Bacteria and viruses can be carried in the blood and include things such as hepatitis B and C. Blood and blood products pose the highest potential of risk, because of the highest concentration of viruses. Other bodily fluids do not pose as high a risk unless there is visible blood in the fluids, though they do pose a risk for other infectious diseases and should still be handled with care.
Best practice requires that gloves should be worn when: changing diapers, serving food, blowing noses and or dealing with any blood borne or OPIM’s exposure. Because you cannot always make sure that your skin has no breaks, barriers such as gloves offer protection. Wearing gloves does not prevent you from spreading contamination from one surface to another while you are wearing them.
Wearing gloves does not take the place of washing your hands.
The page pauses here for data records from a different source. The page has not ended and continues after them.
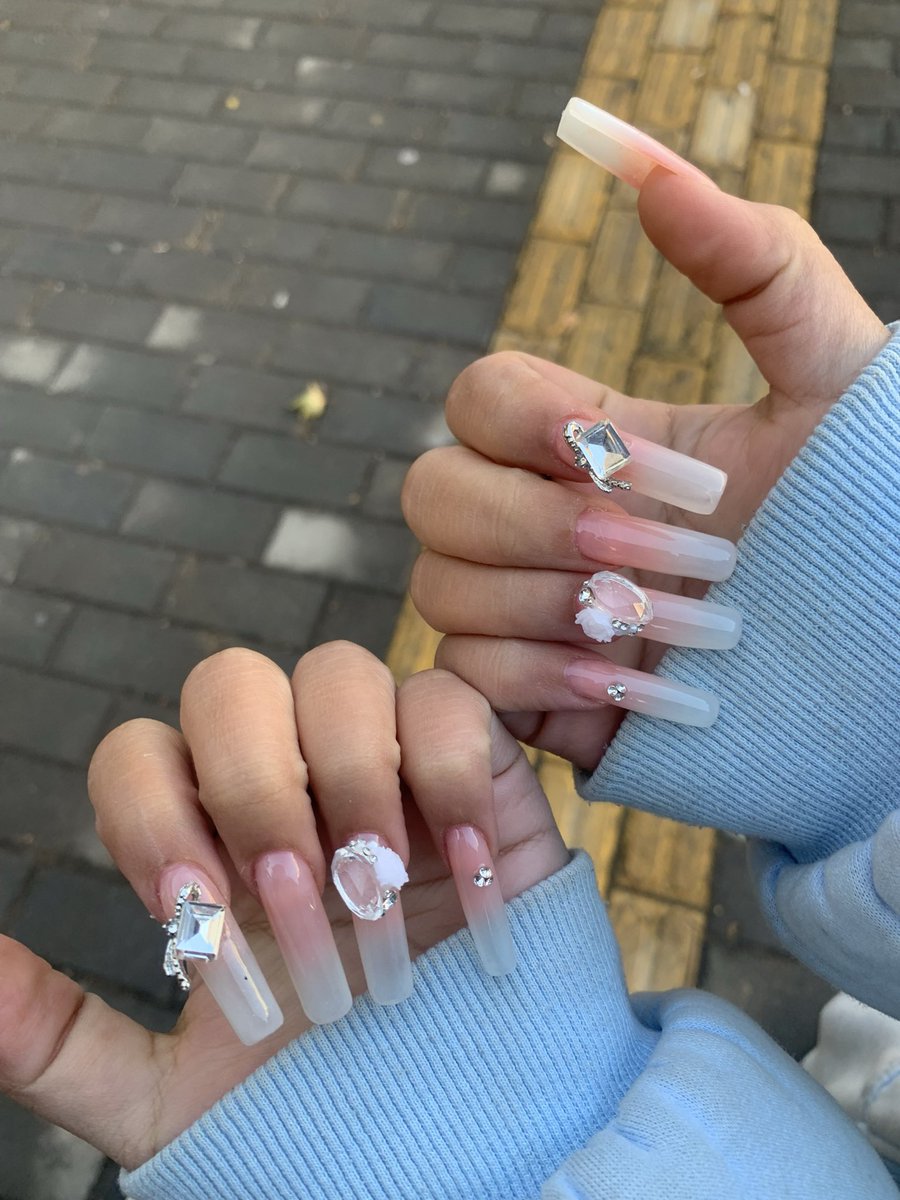 你不认识我-（敏妈） tweet media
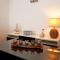 Enjoy Oporto Flats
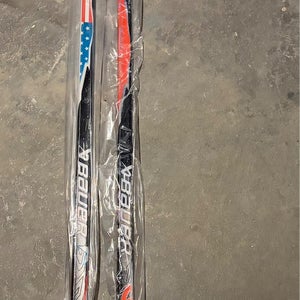 Senior Bauer Vapor Flylite Right Handed Hockey Stick P28 70 Flex (New)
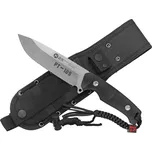 K25 Rui Tactical 32279 PT-109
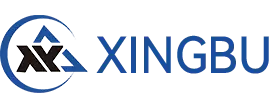 Công ty TNHH Công nghệ Kim Hoa Xingbu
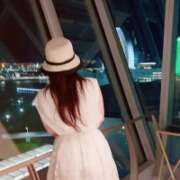 ヒメ日記 2025/06/27 22:46 投稿 リッカ【FG系列】 オトナdeフィーリングin立川(FG系列)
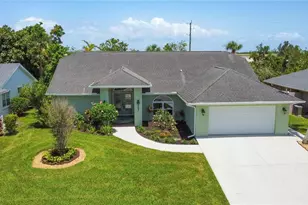 5207 86th St Ct W, Bradenton, FL 34210 - Photo 1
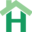 housely.com icon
You always need to wash your hands when you have removed the gloves. Gloves used as a barrier should be made of latex, vinyl or heavy-duty rubber. Wear disposable gloves one time only. Often, gloves have very tiny openings in them that can allow some germs to get inside, under the glove. Remember, when you wear gloves, always WASH YOUR HANDS AS SOON AS YOU REMOVE THE GLOVES.
Use gloves whenever you might touch blood, blood-containing body fluids, including blood-containing tissues or injury discharges. These fluids may contain the viruses that transmit HIV, hepatitis B, hepatitis C and hepatitis D. Human milk expressed from the breast can be contaminated with blood from a cracked nipple, but the risk of transmission of these viruses from human milk is very low. Wearing gloves is not necessary for feeding or cleaning up spills of expressed human milk. The stomach acid kills germs in human milk, so spit-up human milk does not transmit bloodborne infection. Caregivers with open cuts or sores on their hands should avoid getting expressed human milk on their hands.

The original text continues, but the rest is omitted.